La genèse d'Aïda remonte à 2013, lorsque la directrice du théâtre San Carlo de Naples a demandé au Louviérois de faire l'ouverture de la saison. "Lorsqu'une telle personne demande à quelqu'un qui fait du cirque d'ouvrir la saison, c'est déjà quelque chose! J'ai respecté à la note près la musique de Verdi. Par contre, j'ai un peu désobéi sur le visuel", admet-il.
Si Franco Dragone se montre intéressé par la musique, il l'est moins par l'histoire d'amour racontée par cet opéra. Il lui fallait trouver une connexion avec le monde contemporain. Ce qu'il a fait en se baladant dans les rues de la ville italienne, où il a été surpris par le nombre d'amuseurs publics qu'il y croisait mais aussi par le nombre de réfugiés qui passaient déjà par cette région à l'époque. Il s'est inspiré de ces gens, "qui sont les témoins de la grande Histoire, tels ceux que les puissants ne regardaient jamais".

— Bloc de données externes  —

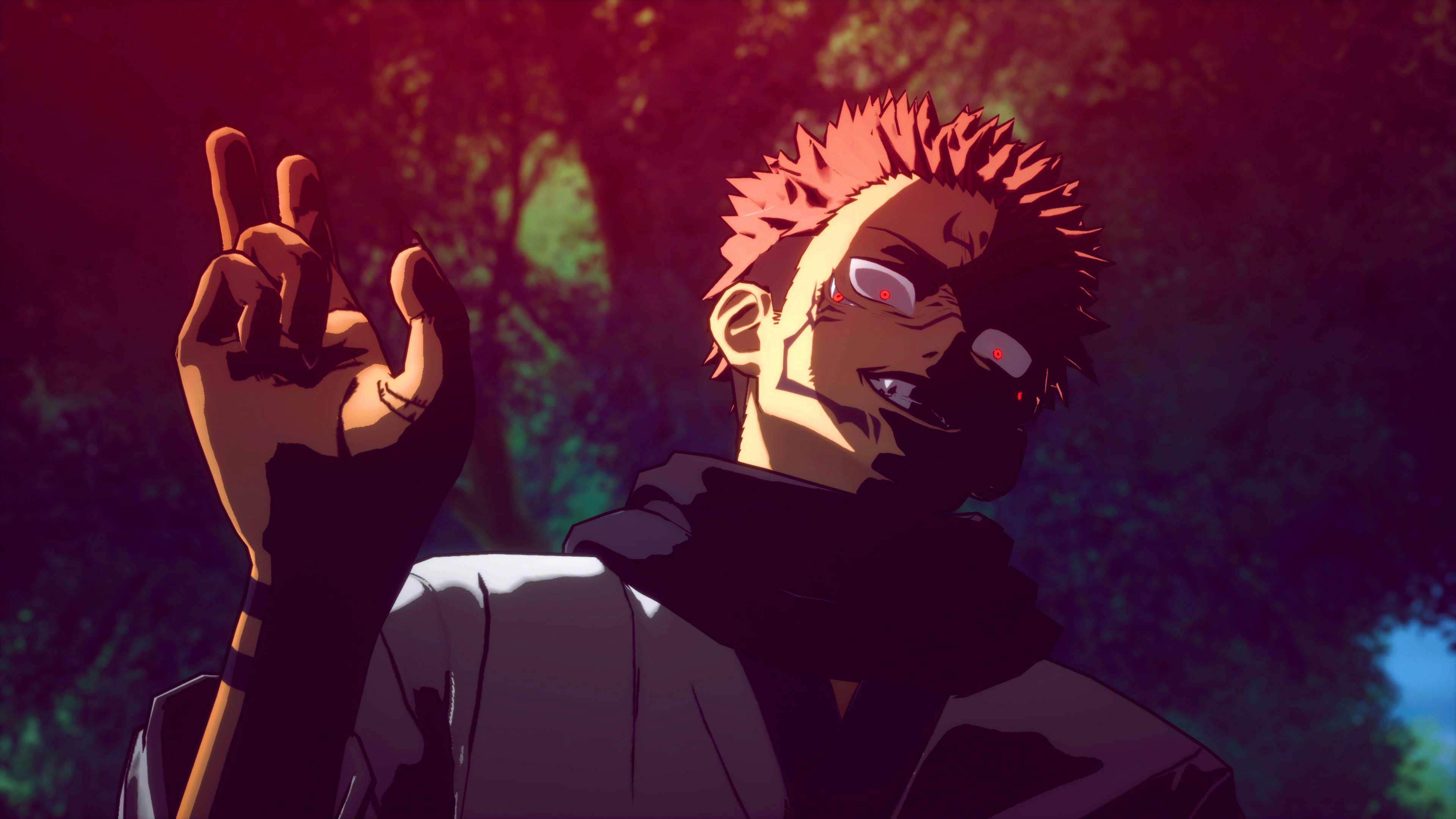 Jujutsu Kaisen Cursed Clash - imagem 39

L'opéra en quatre actes de Verdi sera présenté au Stadsschouwburg d'Anvers les 11, 12, 13 et 14 mai, et à Forest National, à Bruxelles, le 23 décembre. Il a été spécialement mis en scène par Franco Dragone pour la société de promotion et de production de spectacles belge Music Hall. Il bénéficiera de la même scénographie qu'à Naples mais dans un espace différent. "Or l'espace détermine quelque part le théâtre", relève-t-il, impatient d'en découvrir le résultat. "Cela fait quand même un peu peur car c'est chez moi!"

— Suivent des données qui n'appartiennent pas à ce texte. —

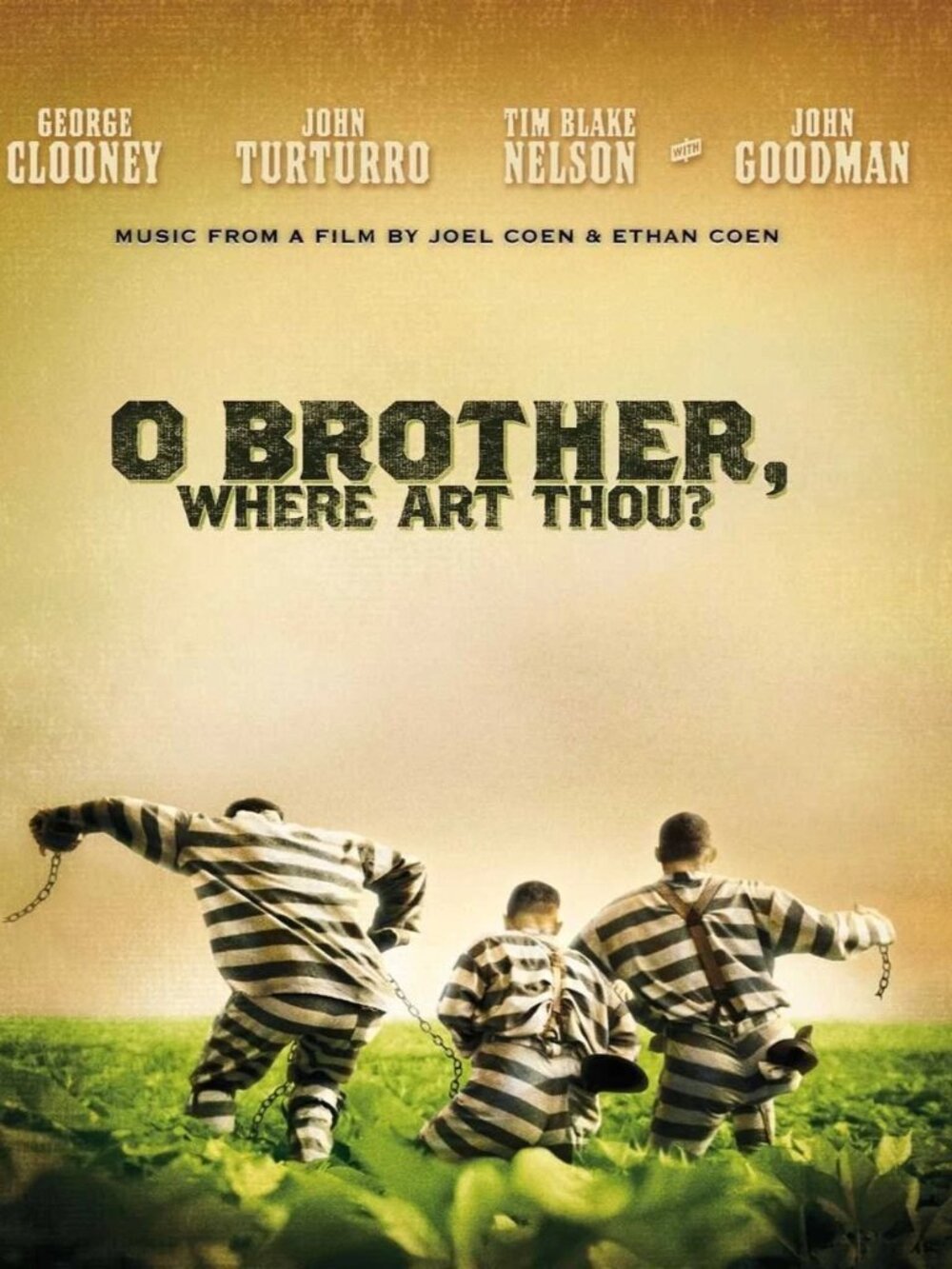 O Brother, Where Art Thou? Universal Music CD Like New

Aïda, qui mêle le côté spectaculaire de la représentation, avec un décor post-apocalyptique, et un aspect davantage métaphorique, est loin du budget de certains opéras. Mais il en garde son aspect visuel fort. "Il ne doit pas seulement impressionner mais aussi émouvoir." Et cela a permis de rajeunir le public venu y assister lorsqu'il a été présenté à Naples. "C'est ce que l'on veut amener en Belgique aussi", ambitionne le metteur en scène. "L'opéra n'est pas fait que pour ceux qui l'aiment. Et il a sa place dans une salle de concert comme Forest National", souligne-t-il.
Cela faisait de très nombreuses années qu'un spectacle à budget de Franco Dragone n'avait pas été produit dans son propre pays. Le fondateur de la société Music Hall a cependant vu la possibilité de le présenter au public belge et a convaincu le Louviérois.

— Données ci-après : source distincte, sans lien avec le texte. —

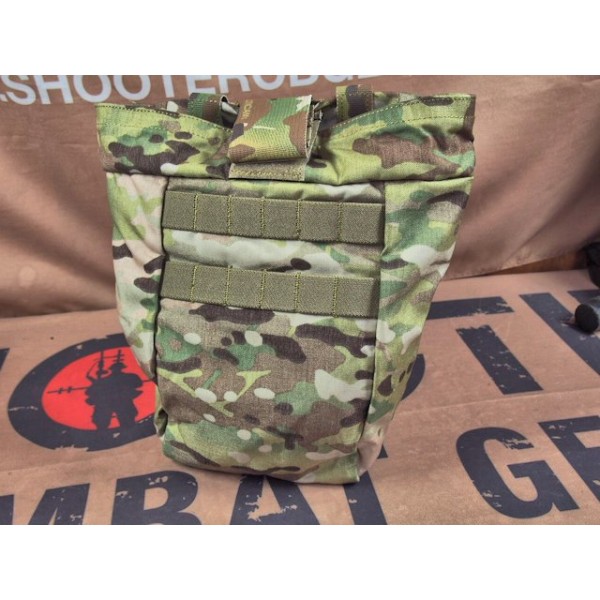 Flyye Bucket Magazine Drop Pouch (500D-Multicam)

Toutefois, pour amortir un projet de cette envergure, il faut l'exporter en dehors des frontières. "Les budgets de la culture sont toujours les premiers à être rabotés", se désole-t-il en effet, se félicitant par contre de l'ouverture, depuis début février, aux arts vivants du tax-shelter, un avantage fiscal offert aux entreprises qui souhaitent investir dans une oeuvre.
La prochaine grande date dans l'agenda de Franco Dragone est l'ouverture de son spectacle à Dubaï le 10 août. Un autre devrait suivre au Vietnam en plus des spectacles déjà créés et à venir ailleurs aux Moyen- et Extrême-Orients. "Mais les projets et les budgets ne sont pas comparables. Dubaï prépare par exemple l'Exposition universelle de 2020. Ils peuvent se permettre d'investir et de construire des théâtres."
Le metteur en scène entend par contre continuer, au travers de son travail, à déconstruire les murs entre les citoyens, à l'image de celui qui doit voir le jour entre les Etats-Unis et le Mexique. "Nous sommes beaucoup plus forts ensemble. Nous ne devons pas nous enfermer dans nos ghettos et il faut travailler avec nos richesses", lance-t-il.
Un leitmotiv qu'il applique également à son propre pays, où il mêle toutes les communautés dans la préparation de ses spectacles. "On a préparé celui de Macao à Lindt, celui de Céline Dion à La Louvière ou encore celui de Las Vegas à Mons. Je tiens à cette idée de travailler ensemble."